- Provided entries
Content starts
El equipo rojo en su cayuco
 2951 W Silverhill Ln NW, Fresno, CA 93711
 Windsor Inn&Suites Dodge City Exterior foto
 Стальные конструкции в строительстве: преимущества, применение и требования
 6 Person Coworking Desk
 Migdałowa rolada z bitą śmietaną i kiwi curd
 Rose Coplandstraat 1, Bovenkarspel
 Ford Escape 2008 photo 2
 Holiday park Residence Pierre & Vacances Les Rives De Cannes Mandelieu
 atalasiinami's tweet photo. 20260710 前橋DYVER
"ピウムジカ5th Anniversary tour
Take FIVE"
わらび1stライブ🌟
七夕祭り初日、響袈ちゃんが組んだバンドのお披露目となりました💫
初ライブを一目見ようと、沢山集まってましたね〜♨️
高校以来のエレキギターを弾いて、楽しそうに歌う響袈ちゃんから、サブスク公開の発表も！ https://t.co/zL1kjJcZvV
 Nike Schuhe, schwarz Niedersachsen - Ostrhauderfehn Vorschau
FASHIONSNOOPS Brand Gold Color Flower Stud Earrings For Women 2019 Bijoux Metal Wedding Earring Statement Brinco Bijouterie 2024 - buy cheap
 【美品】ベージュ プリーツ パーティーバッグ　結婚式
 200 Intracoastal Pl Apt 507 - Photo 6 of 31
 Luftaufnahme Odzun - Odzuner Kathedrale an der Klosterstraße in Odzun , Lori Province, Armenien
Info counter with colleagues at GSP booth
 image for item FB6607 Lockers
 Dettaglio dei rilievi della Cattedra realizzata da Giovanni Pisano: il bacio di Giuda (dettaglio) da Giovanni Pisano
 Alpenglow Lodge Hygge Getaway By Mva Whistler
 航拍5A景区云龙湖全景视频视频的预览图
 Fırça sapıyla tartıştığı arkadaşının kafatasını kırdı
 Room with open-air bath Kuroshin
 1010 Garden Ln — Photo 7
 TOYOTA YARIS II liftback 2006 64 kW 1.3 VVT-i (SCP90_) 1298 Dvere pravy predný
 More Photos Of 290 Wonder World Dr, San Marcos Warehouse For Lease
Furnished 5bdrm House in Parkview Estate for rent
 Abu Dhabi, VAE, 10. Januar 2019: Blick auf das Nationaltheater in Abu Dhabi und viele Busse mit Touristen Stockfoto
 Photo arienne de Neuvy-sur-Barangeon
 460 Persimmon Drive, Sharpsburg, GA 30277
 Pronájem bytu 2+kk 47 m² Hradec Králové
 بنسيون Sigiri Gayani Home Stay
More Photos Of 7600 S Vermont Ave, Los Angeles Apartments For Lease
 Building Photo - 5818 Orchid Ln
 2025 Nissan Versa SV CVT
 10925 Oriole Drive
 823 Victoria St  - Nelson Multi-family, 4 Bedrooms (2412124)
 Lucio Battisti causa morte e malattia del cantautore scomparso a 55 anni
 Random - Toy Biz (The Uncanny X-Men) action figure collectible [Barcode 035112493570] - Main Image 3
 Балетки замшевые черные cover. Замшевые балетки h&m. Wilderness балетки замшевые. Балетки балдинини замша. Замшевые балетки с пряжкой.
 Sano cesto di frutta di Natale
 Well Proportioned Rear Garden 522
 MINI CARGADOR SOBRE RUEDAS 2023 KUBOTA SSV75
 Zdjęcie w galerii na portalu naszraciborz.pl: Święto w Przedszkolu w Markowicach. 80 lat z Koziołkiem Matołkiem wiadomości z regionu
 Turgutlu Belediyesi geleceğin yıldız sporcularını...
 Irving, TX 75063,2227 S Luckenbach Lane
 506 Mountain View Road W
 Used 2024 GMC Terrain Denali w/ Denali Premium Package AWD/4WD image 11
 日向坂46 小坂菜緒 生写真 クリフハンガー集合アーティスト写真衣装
Content ends
- Task to complete
The material is to be given again in full and without variation.

- Answer space
El equipo rojo en su cayuco
 2951 W Silverhill Ln NW, Fresno, CA 93711
 Windsor Inn&Suites Dodge City Exterior foto
 Стальные конструкции в строительстве: преимущества, применение и требования
 6 Person Coworking Desk
 Migdałowa rolada z bitą śmietaną i kiwi curd
 Rose Coplandstraat 1, Bovenkarspel
 Ford Escape 2008 photo 2
 Holiday park Residence Pierre & Vacances Les Rives De Cannes Mandelieu
 atalasiinami's tweet photo. 20260710 前橋DYVER
"ピウムジカ5th Anniversary tour
Take FIVE"
わらび1stライブ🌟
七夕祭り初日、響袈ちゃんが組んだバンドのお披露目となりました💫
初ライブを一目見ようと、沢山集まってましたね〜♨️
高校以来のエレキギターを弾いて、楽しそうに歌う響袈ちゃんから、サブスク公開の発表も！ https://t.co/zL1kjJcZvV
 Nike Schuhe, schwarz Niedersachsen - Ostrhauderfehn Vorschau
FASHIONSNOOPS Brand Gold Color Flower Stud Earrings For Women 2019 Bijoux Metal Wedding Earring Statement Brinco Bijouterie 2024 - buy cheap
 【美品】ベージュ プリーツ パーティーバッグ　結婚式
 200 Intracoastal Pl Apt 507 - Photo 6 of 31
 Luftaufnahme Odzun - Odzuner Kathedrale an der Klosterstraße in Odzun , Lori Province, Armenien
Info counter with colleagues at GSP booth
 image for item FB6607 Lockers
 Dettaglio dei rilievi della Cattedra realizzata da Giovanni Pisano: il bacio di Giuda (dettaglio) da Giovanni Pisano
 Alpenglow Lodge Hygge Getaway By Mva Whistler
 航拍5A景区云龙湖全景视频视频的预览图
 Fırça sapıyla tartıştığı arkadaşının kafatasını kırdı
 Room with open-air bath Kuroshin
 1010 Garden Ln — Photo 7
 TOYOTA YARIS II liftback 2006 64 kW 1.3 VVT-i (SCP90_) 1298 Dvere pravy predný
 More Photos Of 290 Wonder World Dr, San Marcos Warehouse For Lease
Furnished 5bdrm House in Parkview Estate for rent
 Abu Dhabi, VAE, 10. Januar 2019: Blick auf das Nationaltheater in Abu Dhabi und viele Busse mit Touristen Stockfoto
 Photo arienne de Neuvy-sur-Barangeon
 460 Persimmon Drive, Sharpsburg, GA 30277
 Pronájem bytu 2+kk 47 m² Hradec Králové
 بنسيون Sigiri Gayani Home Stay
More Photos Of 7600 S Vermont Ave, Los Angeles Apartments For Lease
 Building Photo - 5818 Orchid Ln
 2025 Nissan Versa SV CVT
 10925 Oriole Drive
 823 Victoria St  - Nelson Multi-family, 4 Bedrooms (2412124)
 Lucio Battisti causa morte e malattia del cantautore scomparso a 55 anni
 Random - Toy Biz (The Uncanny X-Men) action figure collectible [Barcode 035112493570] - Main Image 3
 Балетки замшевые черные cover. Замшевые балетки h&m. Wilderness балетки замшевые. Балетки балдинини замша. Замшевые балетки с пряжкой.
 Sano cesto di frutta di Natale
 Well Proportioned Rear Garden 522
 MINI CARGADOR SOBRE RUEDAS 2023 KUBOTA SSV75
 Zdjęcie w galerii na portalu naszraciborz.pl: Święto w Przedszkolu w Markowicach. 80 lat z Koziołkiem Matołkiem wiadomości z regionu
 Turgutlu Belediyesi geleceğin yıldız sporcularını...
 Irving, TX 75063,2227 S Luckenbach Lane
 506 Mountain View Road W
 Used 2024 GMC Terrain Denali w/ Denali Premium Package AWD/4WD image 11
 日向坂46 小坂菜緒 生写真 クリフハンガー集合アーティスト写真衣装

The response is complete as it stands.